Contract Categories: Business Finance - Note Agreements
EX-4.6 7 d730850dex46.htm EX-4.6 EX-4.6

Exhibit 4.6

[FORM OF FACE OF NOTE]

[INCLUDE FOLLOWING LEGEND IF A GLOBAL NOTE]

[UNLESS THIS CERTIFICATE IS PRESENTED BY AN AUTHORIZED REPRESENTATIVE OF THE DEPOSITORY TRUST COMPANY, A NEW YORK CORPORATION (“DTC”), TO THE COMPANY OR ITS AGENT FOR REGISTRATION OF TRANSFER, EXCHANGE, OR PAYMENT, AND ANY CERTIFICATE ISSUED IS REGISTERED IN THE NAME OF CEDE & CO. OR IN SUCH OTHER NAME AS IS REQUESTED BY AN AUTHORIZED REPRESENTATIVE OF DTC (AND ANY PAYMENT HEREUNDER IS MADE TO CEDE & CO. OR TO SUCH OTHER ENTITY AS IS REQUESTED BY AN AUTHORIZED REPRESENTATIVE OF DTC), ANY TRANSFER, PLEDGE, OR OTHER USE HEREOF FOR VALUE OR OTHERWISE BY OR TO ANY PERSON IS WRONGFUL INASMUCH AS THE REGISTERED OWNER HEREOF, CEDE & CO., HAS AN INTEREST HEREIN.]

THIS NOTE WAS ISSUED WITH ORIGINAL ISSUE DISCOUNT FOR PURPOSES OF SECTION 1271 ET SEQ. OF THE UNITED STATES INTERNAL REVENUE CODE OF 1986, AS AMENDED FROM TIME TO TIME. THE AMOUNT OF ORIGINAL ISSUE DISCOUNT, ISSUE DATE AND YIELD TO MATURITY OF THE NOTES MAY BE OBTAINED BY SUBMITTING A WRITTEN REQUEST FOR SUCH INFORMATION TO THE COMPANY AT THE FOLLOWING ADDRESS: [COMPANY ADDRESS], ATTENTION: [NAME].

 

A-1


Endologix, Inc.

5.0% Mandatory Convertible Senior Note due 2024

 

No. [        ]

    

[Initially]1 $[                ]

CUSIP No. [            ]

Endologix, Inc., a corporation duly organized and validly existing under the laws of the State of Delaware (the “Company,” which term includes any successor corporation or other entity under the Indenture referred to on the reverse hereof), for value received hereby promises to pay to [CEDE & CO.]2 [            ]3, or registered assigns, the principal sum [as set forth in the “Schedule of Exchanges of Notes” attached hereto]4 [of $[         ]]5, which amount, taken together with the principal amounts of all other outstanding Notes, shall not, unless permitted by the Indenture, exceed $[                ] in aggregate at any time, in accordance with the rules and procedures of the Depositary, on April 3, 2024, and interest thereon as set forth below.

This Note shall bear interest at the rate of 5.0% per year from April [    ], 2019, or from the most recent date to which interest had been paid or provided for to, but excluding, the next scheduled Interest Payment Date until April 3, 2024. Interest is payable semi-annually in arrears on each April 1 and October 1, commencing on October 1, 2019, to Holders of record at the close of business on the preceding March 15 and September 15 (whether or not such day is a Business Day), respectively.
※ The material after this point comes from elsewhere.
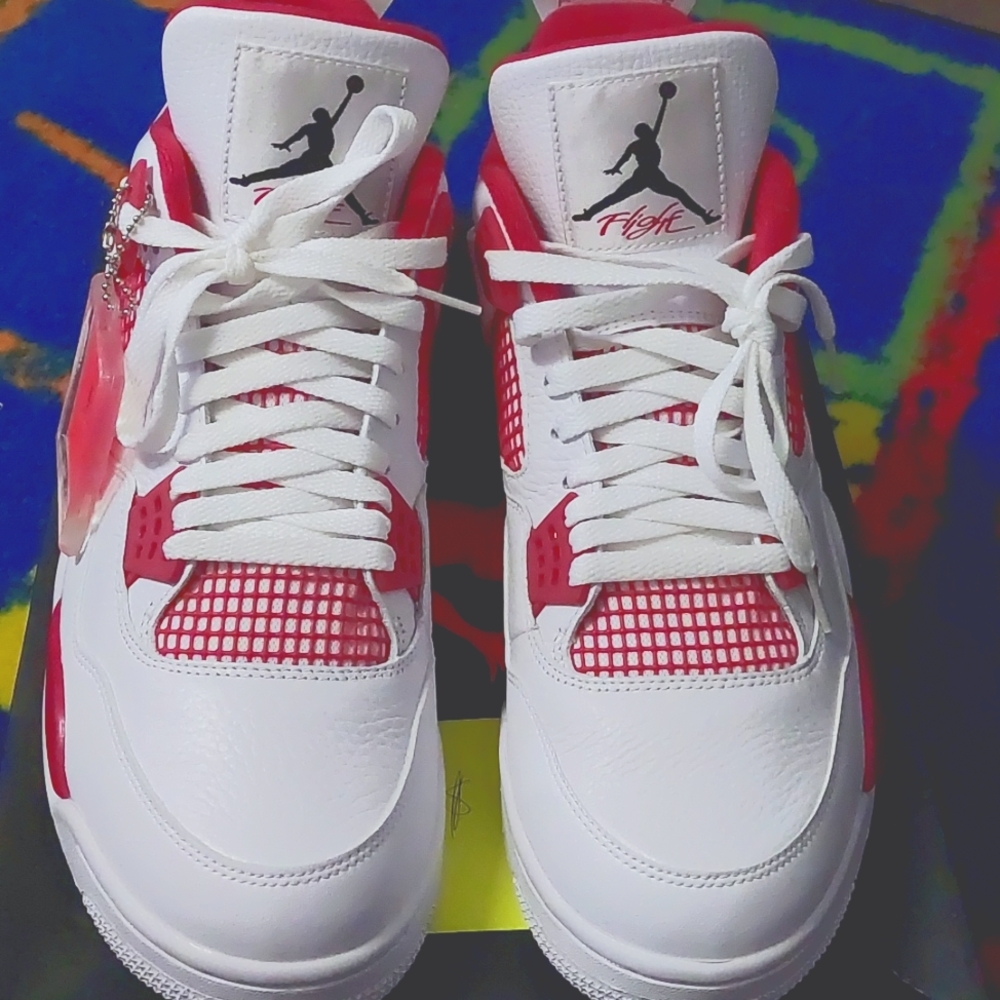 Jordan retro 4s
Interest may be paid, at the Company’s election, to the Holder in cash, shares of Common Stock, or the Company may elect to either increase the outstanding principal amount of the Notes or issue additional Notes under the Indenture having the same terms as the Notes (“PIK Interest”, and such payment of PIK Interest hereinafter referred as a “PIK Payment”), or a combination thereof, on the terms and subject to the limitations set forth in the Indenture. Additional Interest will be payable as set forth in Section 4.06(d), Section 4.06(e) and Section 6.03 of the within-mentioned Indenture, and any reference to interest on, or in respect of, any Note therein shall be deemed to include Additional Interest if, in such context, Additional Interest is, was or would be payable pursuant to any of such Section 4.06(d), Section 4.06(e) or Section 6.03, and any express mention of the payment of Additional Interest in any provision therein shall not be construed as excluding Additional Interest in those provisions thereof where such express mention is not made.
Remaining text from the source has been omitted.